Mayor Moore and Chem-Nuclear officials say there is little reason for this review of the state's role other than politics.
"We're the football. We tell them we're tired of being kicked around. We've been punted enough. Every two years, we go through something like this," said Moore, who has served as mayor since 1969, as he sat in the kitchen of the pleasant farmhouse with the wraparound porch where he was born more than 70 years ago.
Moore said that he knows of no one who is really concerned about drinking their private well water or eating vegetables grown in their home gardens, and he adds that Chem-Nuclear always has been "upfront" with the townspeople. In turn, residents have been vocally supportive, turning up in vanloads at public hearings to defend the facility.
Snelling receives about $44,000 a year in taxes from Chem-Nuclear, about half the town's annual budget, while Barnwell County receives about $1.2 million a year in taxes and other fees from the company, a large portion of which goes to the county school district. On the walls of Chem-Nuclear's lobby are posted numerous awards for its contributions to local education and civic endeavors.

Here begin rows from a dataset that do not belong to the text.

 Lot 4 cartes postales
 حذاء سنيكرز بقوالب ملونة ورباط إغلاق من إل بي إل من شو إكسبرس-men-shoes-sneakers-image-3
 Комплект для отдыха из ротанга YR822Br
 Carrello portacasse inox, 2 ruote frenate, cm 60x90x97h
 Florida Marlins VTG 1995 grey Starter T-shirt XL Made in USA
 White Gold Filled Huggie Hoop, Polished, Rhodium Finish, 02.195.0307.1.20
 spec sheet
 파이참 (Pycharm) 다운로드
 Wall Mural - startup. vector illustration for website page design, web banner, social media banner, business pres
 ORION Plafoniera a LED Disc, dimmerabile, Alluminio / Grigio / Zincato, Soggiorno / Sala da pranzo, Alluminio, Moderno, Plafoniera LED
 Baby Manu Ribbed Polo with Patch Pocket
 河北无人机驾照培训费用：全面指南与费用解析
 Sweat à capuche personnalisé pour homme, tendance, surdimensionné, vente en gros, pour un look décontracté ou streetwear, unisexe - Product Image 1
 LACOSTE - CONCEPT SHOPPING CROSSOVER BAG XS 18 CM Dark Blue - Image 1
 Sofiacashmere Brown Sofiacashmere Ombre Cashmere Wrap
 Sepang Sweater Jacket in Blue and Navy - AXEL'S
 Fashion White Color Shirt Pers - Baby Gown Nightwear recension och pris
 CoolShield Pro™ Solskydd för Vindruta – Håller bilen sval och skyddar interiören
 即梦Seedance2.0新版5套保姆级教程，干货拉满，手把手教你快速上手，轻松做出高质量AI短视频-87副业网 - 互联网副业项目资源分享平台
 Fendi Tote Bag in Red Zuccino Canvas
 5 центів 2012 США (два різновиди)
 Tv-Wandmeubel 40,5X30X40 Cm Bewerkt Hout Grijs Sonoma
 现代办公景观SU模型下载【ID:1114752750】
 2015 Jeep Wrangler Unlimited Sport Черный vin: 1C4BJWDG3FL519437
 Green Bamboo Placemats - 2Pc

David Ebenhack, a vice president at Chem-Nuclear, said the company welcomes visitors, and school groups often take field trips there. What they see is nothing startling--an expanse of grassy meadow that covers the deep trenches in which steel containers of wastes placed in concrete vaults are buried. In an open trench, workers on cranes situate the latest vaults containing debris, all numbered and computer-logged. Visitors wear clip-on instruments that record the amount of radioactivity they are exposed to--none on a visit this week--and sign consent forms stating that, at most, they will be exposed to less radiation than one receives from an X-ray.
What happens next is sure to be a heated debate, as the decision of the task force is passed on to the state legislature for final approval. One option more favorable to Chem-Nuclear would be to allow the status quo for the next 10 years or so, until Barnwell reaches capacity. But Hodges and other state officials fear that this leaves no room for the state's future needs.
"There's a fairly high fixed cost to operating a site like this," said Chem-Nuclear's Ebenhack, "and if they limit our market, if we are not profitable, well, we are not a philanthropy, we will have to close the site. We are always such an easy target."
CAPTION: Radioactive waste from hospitals, power plants and other sources is sealed in steel containers inside concrete vaults.
CAPTION: South Carolina's reputation as welcoming nuclear waste storage may change if this Chem-Nuclear Systems site is closed to waste from all but three states.
CAPTION: Tim Moore, mayor of Snelling, S.C., worked to bring Chem-Nuclear to his town. The facility's taxes funds nearly half the town's budget.